As the health of the core of East Bay Pesticide Alert has been deteriorating, especially under the stress of negotiating with stubborn and sometimes callous officials, our goals have slowly shifted from more direct actions to creating an inspiring, empowering, and motivating resource for healthier activists to pick up the work we are too ill to continue ourselves. In that spirit we are redesigning our website to expand its focus from predominantly local actions, to providing information, analysis, and other tools to a larger community. This redesign includes continuous research into all facets of the pesticide issue, including its history of use in war, and its connections to the pharmaceutical industry, its devastating health and environmental effects, the history of resistance by the labor movement and indigenous communities, resources to cope with immediate emergency of exposure, with long-term impacts on health and quality of life, and deeper political implications both locally and internationally. In the hopes of passing on several decades of combined activist experience on this and other human rights issues, we are offering volunteer internships to gain valuable experience in field work involving research into toxics, public health, and environmental justice. We are particularly interested in web designers inspired to help us put our vision into action.

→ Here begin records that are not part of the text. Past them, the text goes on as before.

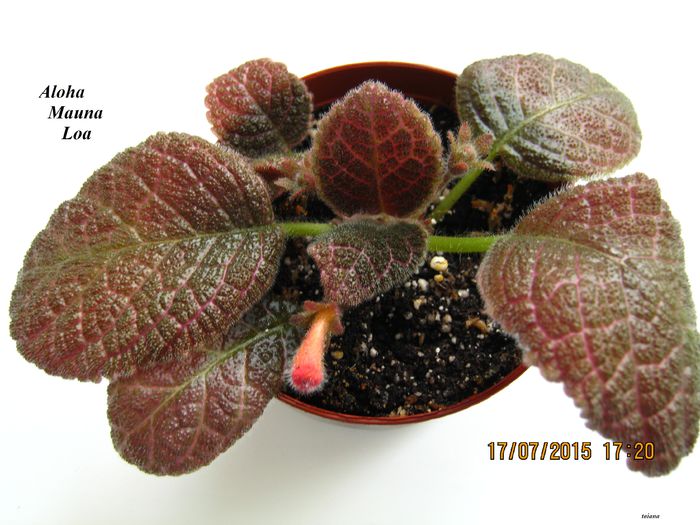 Aloha Mauna Loa - Episcia_A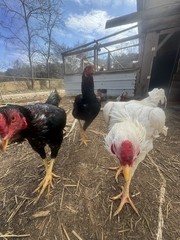 10 Giant Chicks Hatching Eggs- Indio Gigante X Dual Purpose Prolific Egg Layers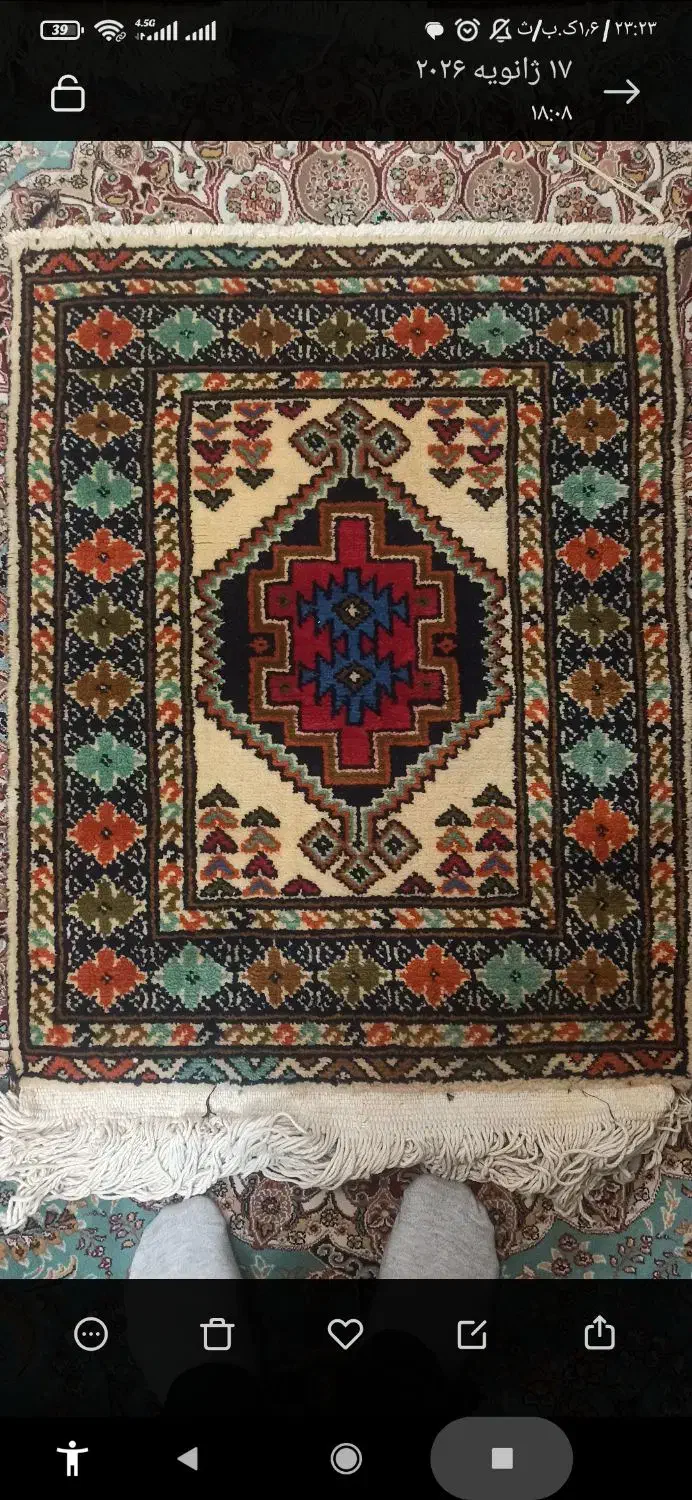 دوقالیچه دستبافت|فرش|پیشوا, |دیوار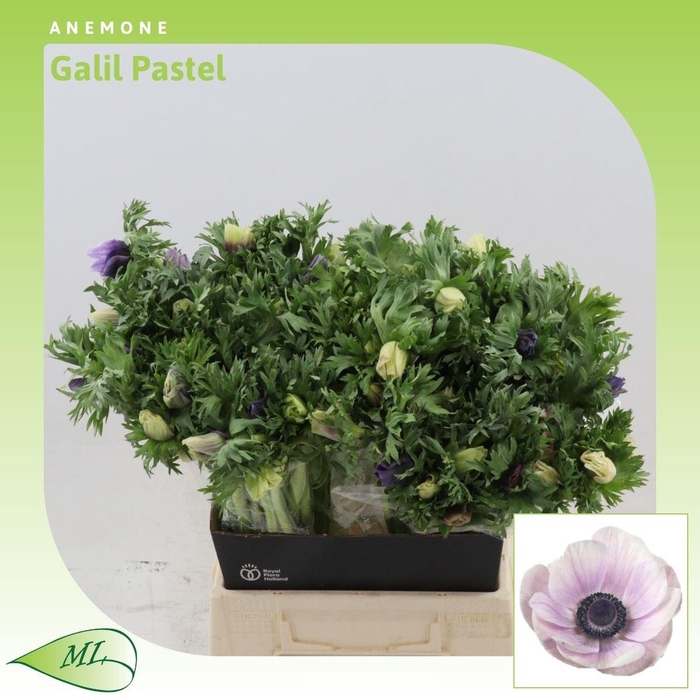 <h4>Anemone Galil Pastel</h4>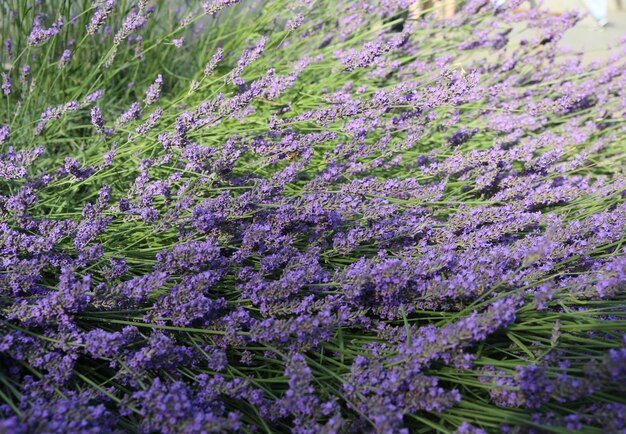 Lavanda vulgaris fechar o fundo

Throughout our history we have done what the government, and many of the larger non-profits, who focus on lobbying, don't take the time to do: We have offered personal support to many people from across the country who contacted us after being injured by pesticides and other toxic chemicals, provided them with relevant resources to help them through the immediate emergency, to support and maintain their health in the context of their resulting disability, to report their injuries, to protect themselves from further injuries, to remediate any toxic living situation, to find support networks where they live, to do further research on their own, and to inspire and empower them into action to make a difference in their areas. We are committed to continuing the one on one interactions necessary to help individuals who suffer from chemical injuries, and to build the foundation for a movement against toxics.

Sonoma Pesticide Alert and now East Bay Pesticide Alert have always acted as a resource for the widest variety of people. We have received phone calls and emails from representatives of municipalities around the country with questions and requests for information they could use in working to ban toxic pesticide use by their municipalities, as well as from university professors and school teachers seeking information which they could use with their students. We have provided information and resources for myriad environmental justice organizations and stand far apart from some well-funded nonprofits in helping people understand the politics behind the chemical industry, as well as exploring the sociological questions of how and why our society has come to accept pesticide use in every facet of our lives, even in the face of evidence that pesticides poison people and that they may themselves one day be personally affected by such chemical injuries.

Our work is specifically aimed at providing essential day-to-day services to individuals and communities affected by pesticides and other toxic chemicals, in the form of resources, research, and other vital information, and local actions to prevent further injuries. The government is not adequately furnishing proper care for those injured, nor information to prevent injury, are in fact actively complicit in keeping vital information secret. Our goal particularly is to provide information identifying the root causes, and to mobilize a movement of activists seeking to make changes at the core of the problem, which we believe lies in the ruthless exploitation of others for profit.

We function as a collective, and are proud to be using an informal Consensus Process, rather than making decisions by a top down hierarchy.